I had been carefully writing this entry in my head all day (Sunday) while I went about my life and of course when I get the time to sit down and write it, I forget how I had written it. The way I had written it was very graceful. oh well, I guess I will just jump right into it.
My family is big on self sufficiency (we talk the talk) and as part of that project we obtained our chickens. As a refresher, last year we had a lot of trouble with them, we had a NH that cannibalized and we butchered her and consumed her. We did it all at home, just D and me and it was not as hard as we had thought but still not our favorite task. My point of this entry though is that this year we are going to reduce our numbers again by ½. I know it sounds terrible because we named some of them and yes we loved them and cared for them for 2 years. I have already placed an order for 6 new chickens and I have already made the ‘call’ to a local processing plant.

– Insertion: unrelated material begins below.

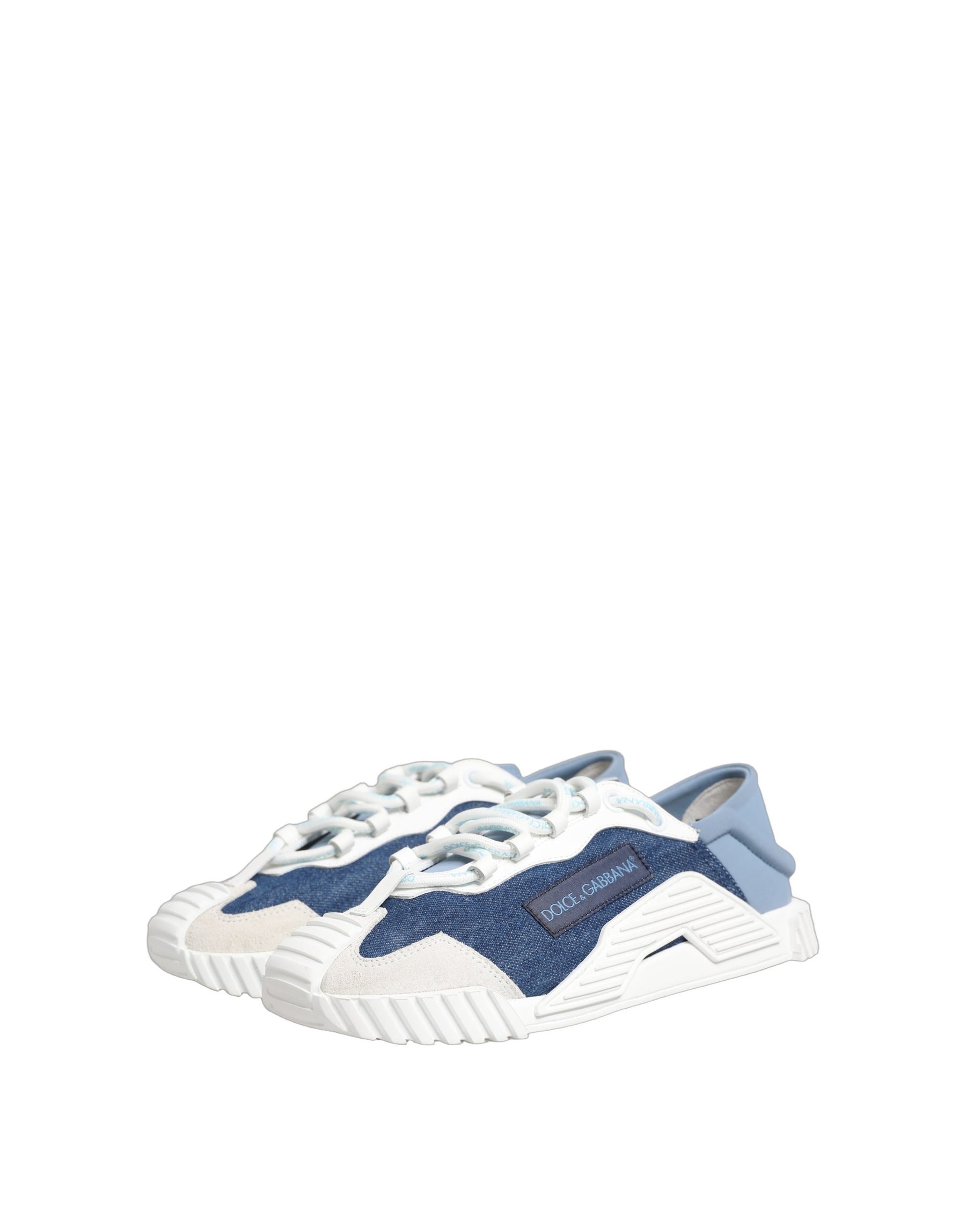 Dolce & Gabbana Blue White Low Top NS1 Sneakers Shoes | Regal Royce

I admit being slightly nervous about this and our flock will be significantly reduced until April when the new chicks come and they wont lay for 6 months after that, which will slow down the egg business here quite a bit. We are doing it now because I only have a few to go and they have another “farm” processing a larger quantity at the same time. This saves us a bundle and well its just the right time.
I also admit being slightly sad about it but I have to remind myself that they will be feeding my family after 2 years of running around in my back yard, being carried around and getting to eat all the wonderful scraps from my garden as well as uneaten foods from the table. That they in fact have had 100 times better of a life than a chicken at a large processing plant, who for their short lives do not even get to see the sun, eat only bagged feed that has been carefully selected to maximize their growth. No, I shouldn’t feel badly at all. I should feel thankful. A life is a life though and so I am a struggling with this a little.
Thank you chickens for the last 2 years.